BEGIN Material shown
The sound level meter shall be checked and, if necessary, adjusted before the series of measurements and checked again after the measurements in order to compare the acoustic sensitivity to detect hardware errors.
END Material shown
BEGIN Material shown
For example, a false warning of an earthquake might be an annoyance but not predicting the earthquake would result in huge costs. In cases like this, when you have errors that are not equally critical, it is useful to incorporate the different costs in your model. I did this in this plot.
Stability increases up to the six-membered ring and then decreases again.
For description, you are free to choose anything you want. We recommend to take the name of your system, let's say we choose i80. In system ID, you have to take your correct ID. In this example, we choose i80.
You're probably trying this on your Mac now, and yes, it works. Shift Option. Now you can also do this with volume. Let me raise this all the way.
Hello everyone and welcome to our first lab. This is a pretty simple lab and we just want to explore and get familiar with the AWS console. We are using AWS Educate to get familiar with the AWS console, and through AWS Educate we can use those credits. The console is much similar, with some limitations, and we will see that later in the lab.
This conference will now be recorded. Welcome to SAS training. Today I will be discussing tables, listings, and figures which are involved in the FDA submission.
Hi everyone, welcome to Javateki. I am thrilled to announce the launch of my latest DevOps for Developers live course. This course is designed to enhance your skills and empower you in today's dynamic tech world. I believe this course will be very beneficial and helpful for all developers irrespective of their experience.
END Material shown
BEGIN Material shown
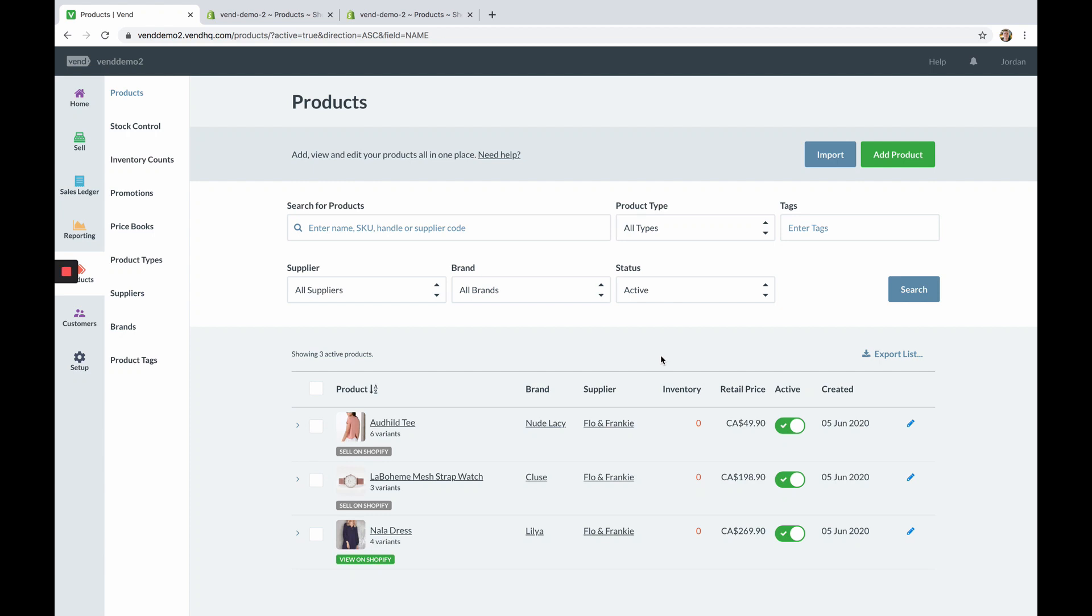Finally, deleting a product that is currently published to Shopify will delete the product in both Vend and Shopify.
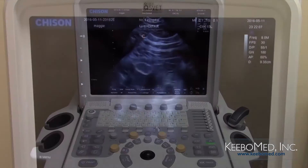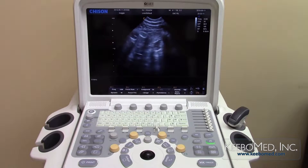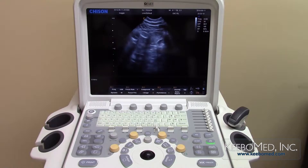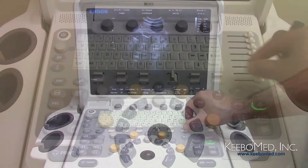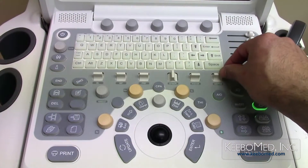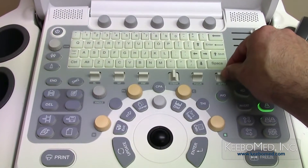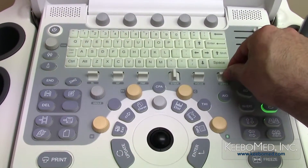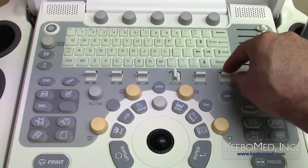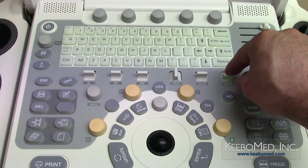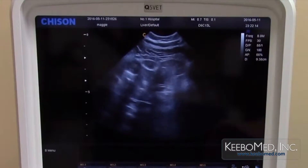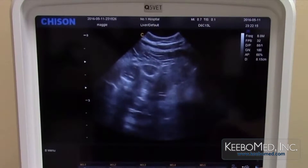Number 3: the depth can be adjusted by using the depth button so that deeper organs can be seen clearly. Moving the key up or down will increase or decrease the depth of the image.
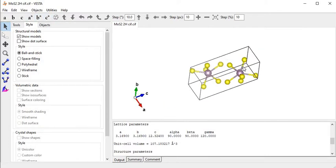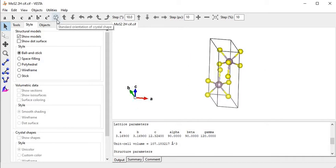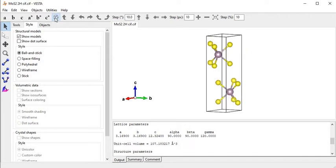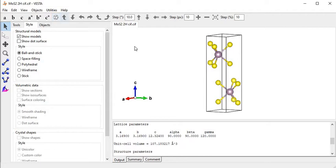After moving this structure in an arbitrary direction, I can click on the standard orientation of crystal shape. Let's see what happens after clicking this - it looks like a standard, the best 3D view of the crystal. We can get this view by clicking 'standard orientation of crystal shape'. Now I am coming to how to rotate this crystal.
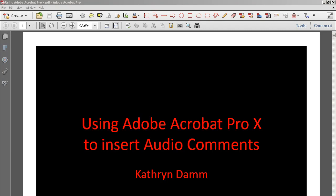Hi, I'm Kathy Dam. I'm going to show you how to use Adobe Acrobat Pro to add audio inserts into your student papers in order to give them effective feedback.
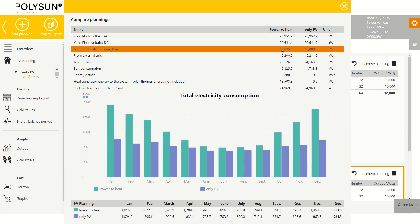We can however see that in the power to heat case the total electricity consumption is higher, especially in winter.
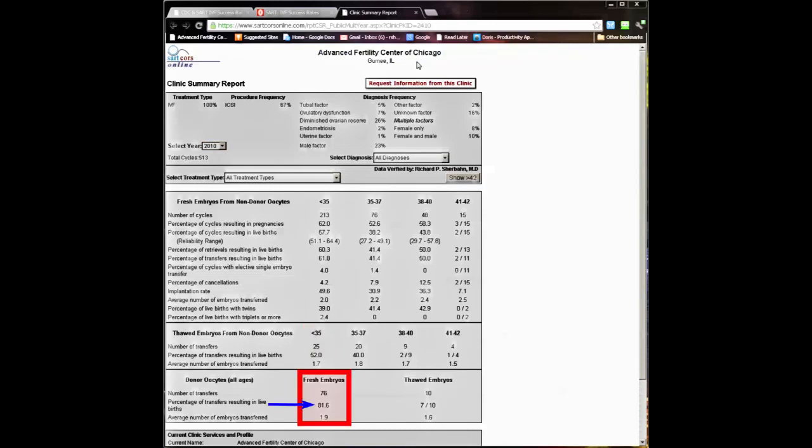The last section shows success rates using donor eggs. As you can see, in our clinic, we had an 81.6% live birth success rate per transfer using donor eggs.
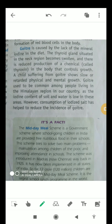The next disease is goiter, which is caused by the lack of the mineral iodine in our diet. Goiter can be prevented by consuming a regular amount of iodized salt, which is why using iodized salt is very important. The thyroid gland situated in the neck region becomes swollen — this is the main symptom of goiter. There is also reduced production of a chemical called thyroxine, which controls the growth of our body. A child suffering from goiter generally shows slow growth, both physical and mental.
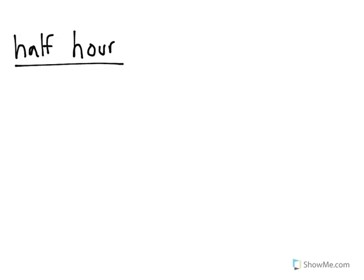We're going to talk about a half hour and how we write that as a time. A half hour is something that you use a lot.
END Material shown
§ **Directions**: Copy word for word the stretch of entries above from the line that has "For description, you" through the line that has "You're probably trying", both ends included, and nothing outside it.

§ **Task response**:
For description, you are free to choose anything you want. We recommend to take the name of your system, let's say we choose i80. In system ID, you have to take your correct ID. In this example, we choose i80.
You're probably trying this on your Mac now, and yes, it works. Shift Option. Now you can also do this with volume. Let me raise this all the way.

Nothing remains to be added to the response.